Goodness Is A Factual Matter (Goodness=Effectiveness)

All statements about values can be restated as statements of facts. The truth or falsity about value claims can be discovered by investigations of facts. Goodness is a word that can be defined by reference to certain kinds of factual relationships in the world. Whether or not something deserves to be called good can be determined by investigating the relevant factual relationships in the world to see if they are rightly instances of good or not. The same goes for “bad”.

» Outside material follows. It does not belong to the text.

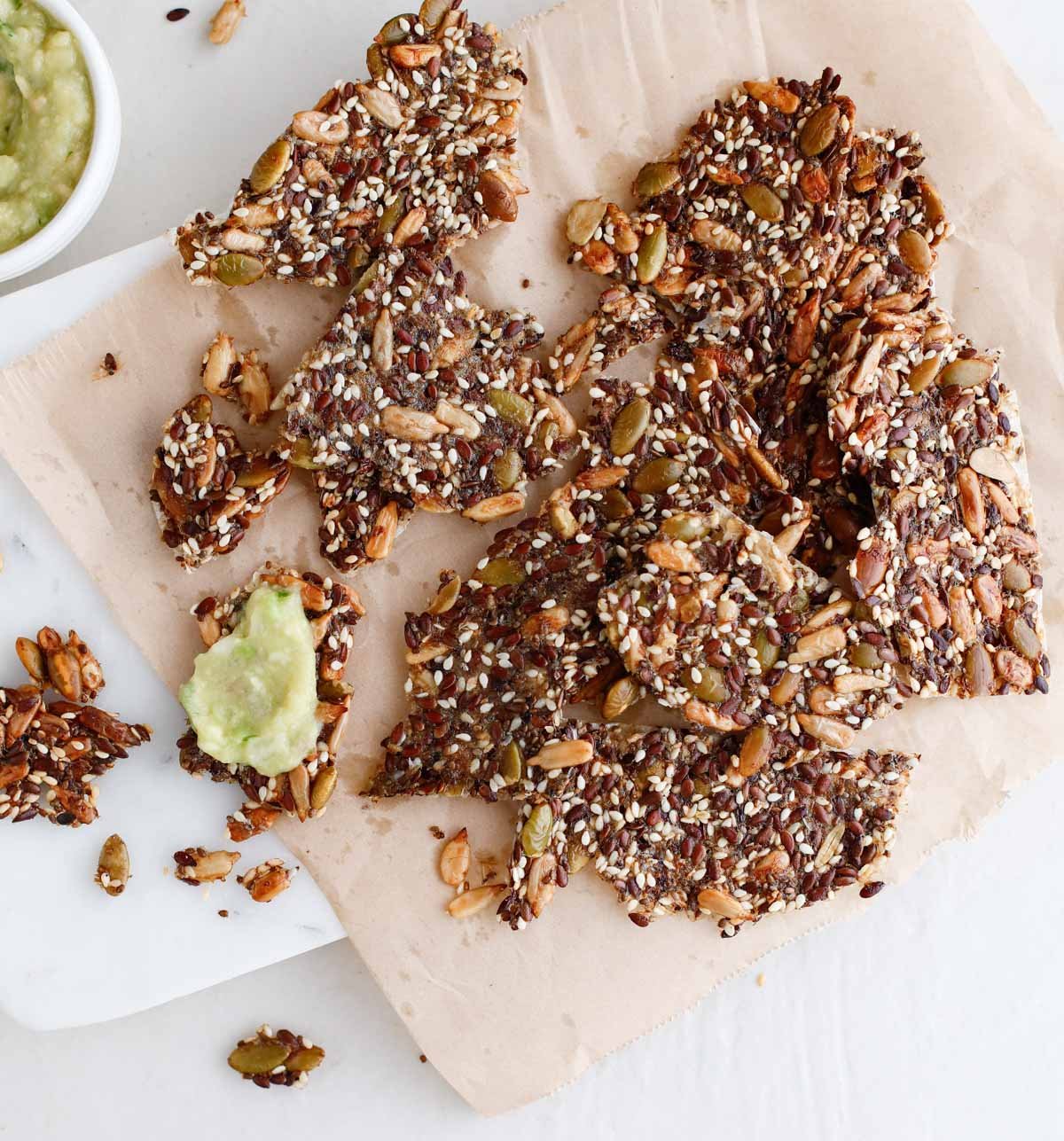 seed crackers on a cracker board with dips 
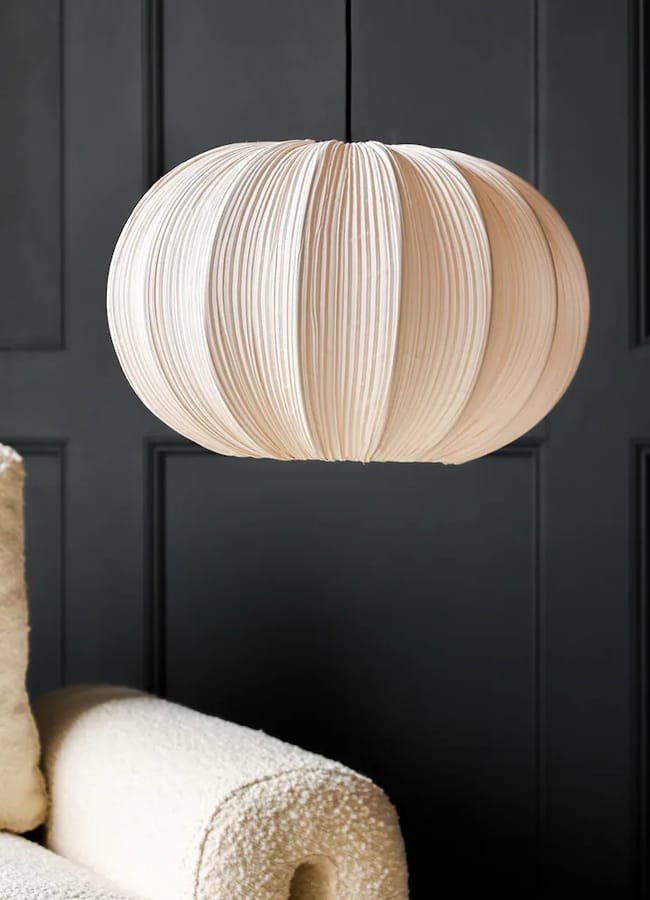 A round, pleated Rockett St George pendant light fitting hanging against a dark panelled wall.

In short, I reject the notion that there is a fundamental distinction between facts and values. Values are kinds of facts. I also reject the wide interpretation of the naturalistic fallacy which claims that one can never derive an “ought” statement from an “is” statement, i.e., that a statement of facts can never tell anyone about how things ought to be. There are indeed fallacious inferences that endorse certain factual relationships as truly valuable when they are not and that make this erroneous judgment from a simplistic and mistaken equation of certain kinds of facts with certain kinds of values which are not actually directly (or at all properly) entailed by them. Some of these cases of fallacious inference would properly be accused of committing what is known as the “naturalistic fallacy”, insofar as that fallacy refers to hasty inferences from “is” to “ought”.

But not all inferences from “is” to “ought” are fallacious and therefore not all of them deserve to be accused of committing the naturalistic fallacy.

In what follows I will lay out systematically my case for calling goodness a matter of objective fact.

The most factual sense of the word “good” we have is the sense of effectiveness. Effectiveness is a matter of straightforward fact. My heart right now is effective at pumping blood. Many rivers have been effective at carving valleys. The sun is effective in innumerable ways at sustaining life on Earth.

To say that x is good at y is to make a verifiable or falsifiable fact claim that x is effective at y-ing.

To say that x is good for y is to make a verifiable or falsifiable fact claim that y is able to do what it does more effectively when x contributes in some specifiable way to y‘s activity.  Sometimes this means that y‘s effective performance is, as a matter of fact, enhanced in a particular way by x. Sometimes it could mean that y‘s existence is in some or all instances, as a matter of fact, preconditioned by x, such that y only happens in some or all instances if x is present.

This sense of goodness, as sheer effectiveness, is the most basic kind because it is the only factual kind. It is the kind which refers to naturally occurring and objectively describable relationships and all the other, more complicated senses of “goodness” which we use can be analyzed in terms of how they relate to fundamental relationships of effectiveness.

Every being is a function of its components parts working together in the characteristic way definitive of that kind of being.  Every component part is a further function of its own constitutive parts down to the most basic rudiments of existence.  In this way, beings are essentially describable as functions of the parts which compose them as engaged in particular processes which occur when they are combined in particular quantities and arrangements.  Increasingly complex beings are essentially increasingly complex functions made up of constitutive beings, each of which are functions themselves.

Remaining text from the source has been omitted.